For a second year in a row, the Northwestern Wildcats' season abruptly ended in disappointment. It left a bitter taste in the mouths of many fans, and left them ruing the deficiencies of the team and the program. But that doesn't mean there weren't a few positive takeaways from another straight losing season. Here are five that stand out.
Jackson was the shining light of Northwestern's season. Whether we were reacting to victory or defeat, we were constantly writing something to the effect of, "Justin Jackson is really good." Because in all but one game (the 10-9 loss to Michigan), he was just that.
Despite only carrying the ball a combined 20 times in Northwestern's first two games, Jackson finished his rookie campaign with 1388 total yards and 11 total touchdowns. He averaged 4.8 yards per carry, and 5.2 yards per touch. And in games where he was handed the rock 20-plus times, he never failed to eclipse 100 total yards.
Not many true freshmen have played under Pat Fitzgerald. Even fewer have started.

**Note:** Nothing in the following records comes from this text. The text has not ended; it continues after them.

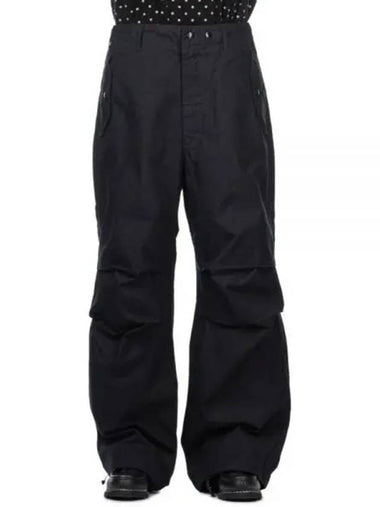 Over Pant A Black Cotton Brushed HB 24F1F022 PS322 BZ007 Pants - ENGINEERED GARMENTS - BALAAN 1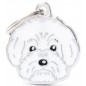 Médaille Chien Bolognese MF11N My Family 18,90 € Ornibird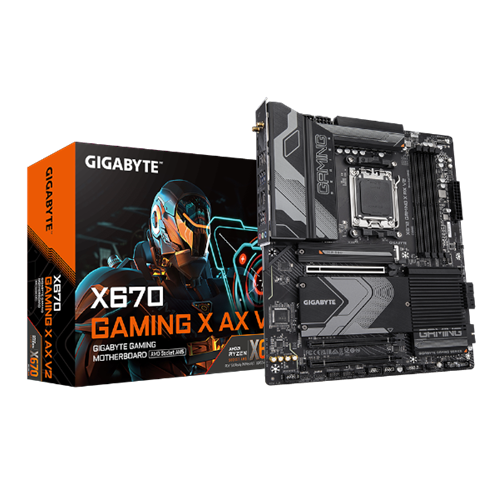 לוח Gigabyte X670 Gaming X AX V2 AM5 PCIE 5.0 DDR5 WIFI 6E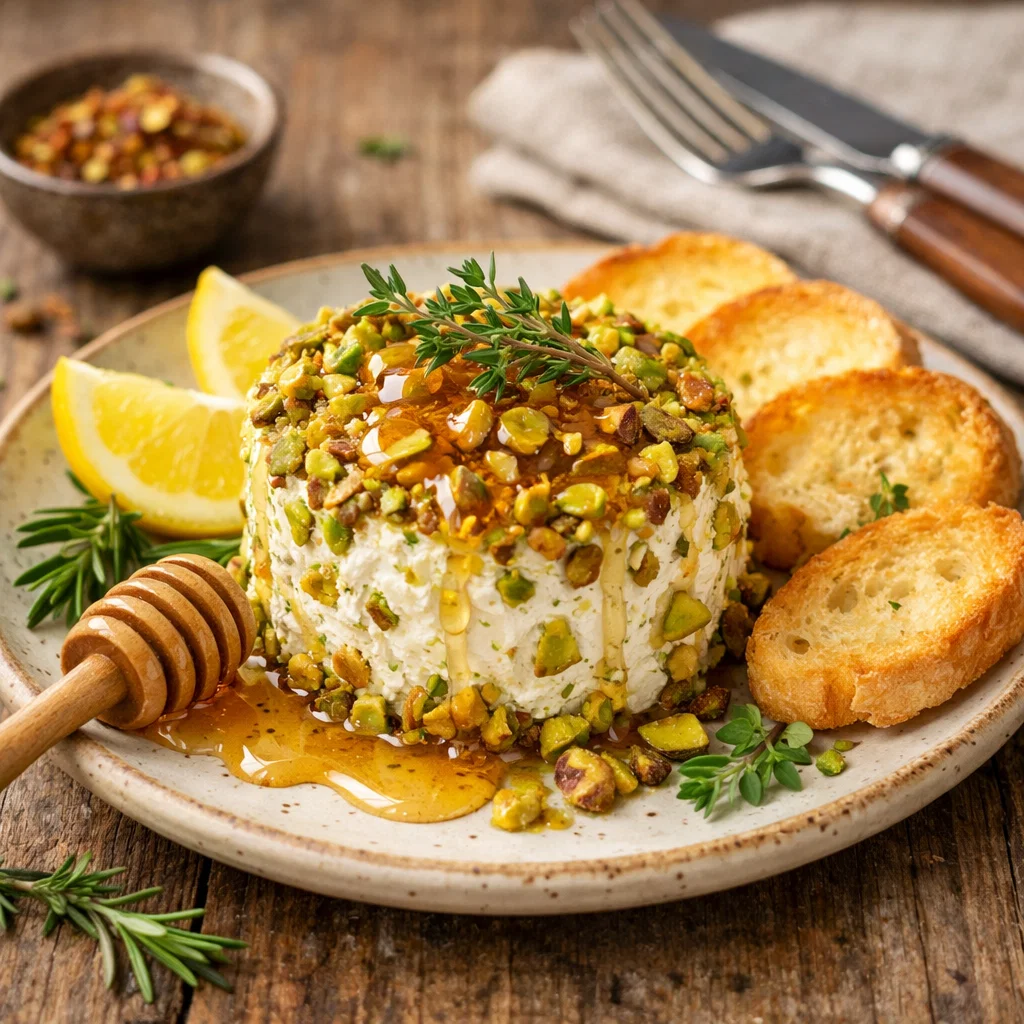 Boursin Appetizer with Pistachios and Honey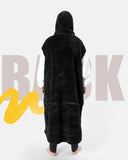 2 x Brand New Argstar Oversized Hooded Sleeve Blanket for Women and Men, Portable Sherpa Blanket for Adults Comfortable Warm Hooded Sweatshirt with Deep Pocket Elastic Sleeve Black Thickened Lengthened  - RRP €48.71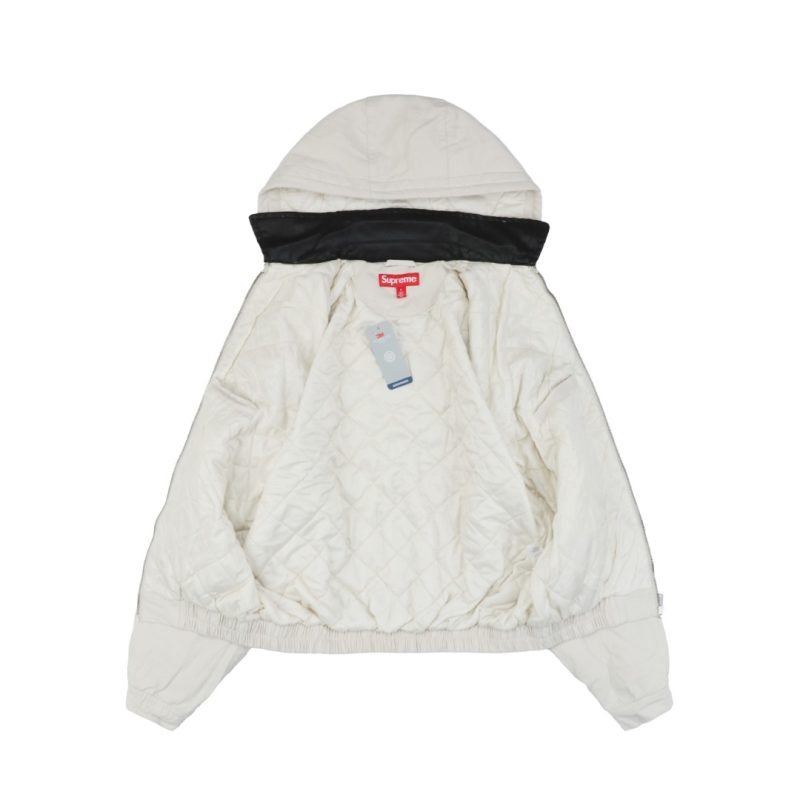 Supreme Small Logo Side Pocket Jacket Grey White - Image 4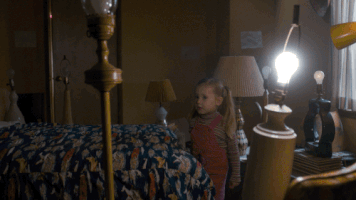 strangerthings season 1 lights stranger things lamps GIF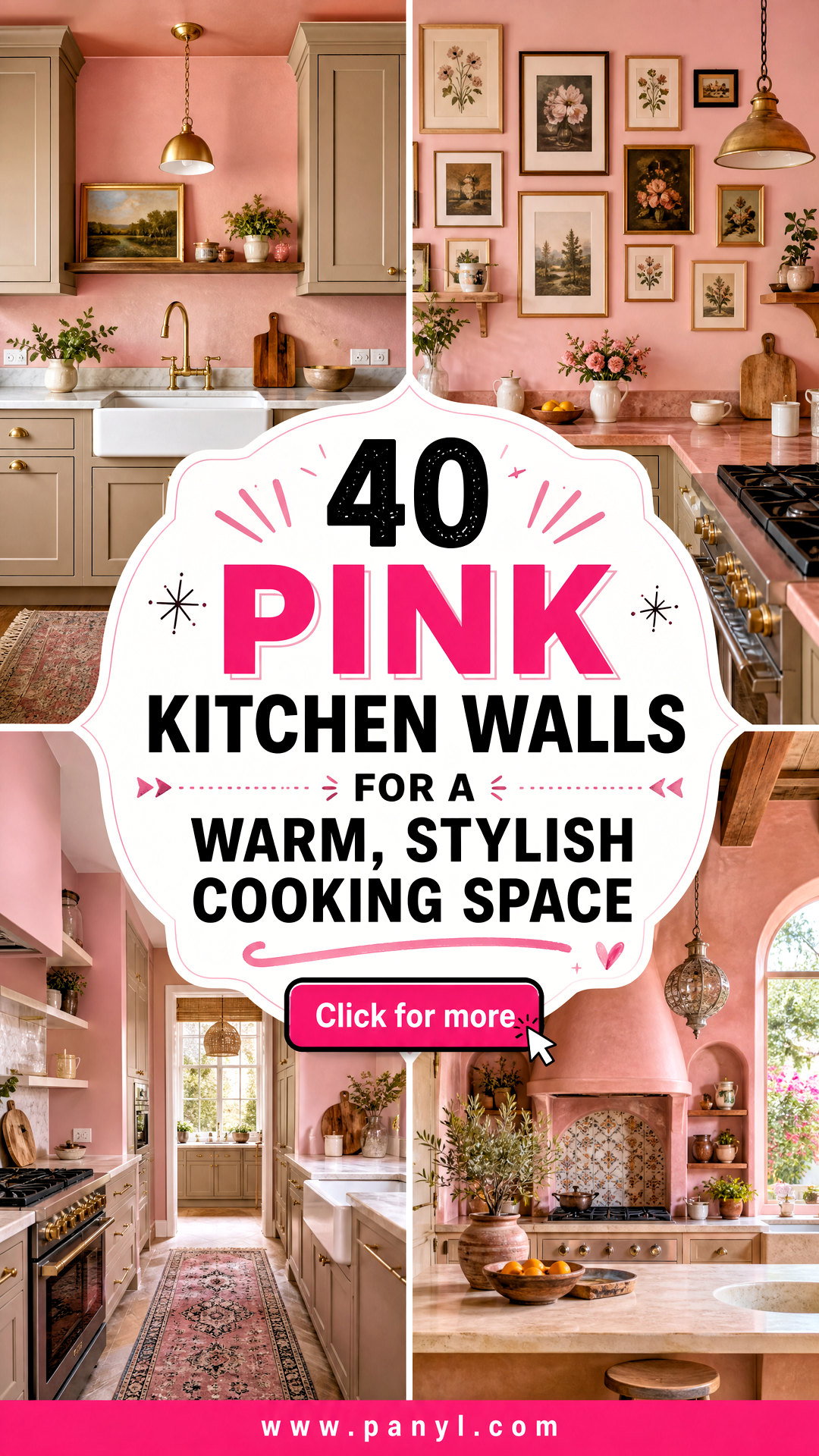 40 Pink Kitchen Walls for a Warm Stylish Cooking Space - 40 Pink Kitchen Walls for a Warm, Stylish Cooking Space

None have starred like Jackson did in 2014. And it wasn't just the physical tools that wowed NU fans. It wasn't just the quickness, the agility, the slipperiness, the vision. Jackson also seems to be mature beyond his years, and all signs point to him having a great future at Northwestern.
NU's defensive front had some bright moments, and it had some not so bright ones in 2014. But the general feeling has to be positive, especially given how many of this year's contributors will be returning next year.
At tackle, C.J. Robbins and Greg Kuhar emerged as solid interior linemen, and both of them, along with Connor Mahoney, will be back in 2015. Throw in Sean McEvily, who missed this year with a foot injury but has been granted a sixth year of eligibility, and Northwestern should once again be strong up the middle.
On the edge, despite a sometimes perplexing or even infuriating rotation that often left NU's best pass rushers on the sidelines, there were encouraging signs too. Ifeadi Odenigbo and Xavier Washington, both underclassmen, flashed potential, and Deonte Gibson and Dean Lowry were constant menaces as well. The entire defensive end rotation returns next year, so rushing the passer should be one of the team's main strengths.
Potential in the Secondary
Northwestern's secondary was repeatedly struck by injuries this season, but that gave younger players a chance to exhibit their talent. And the early verdicts on many of those players are positive.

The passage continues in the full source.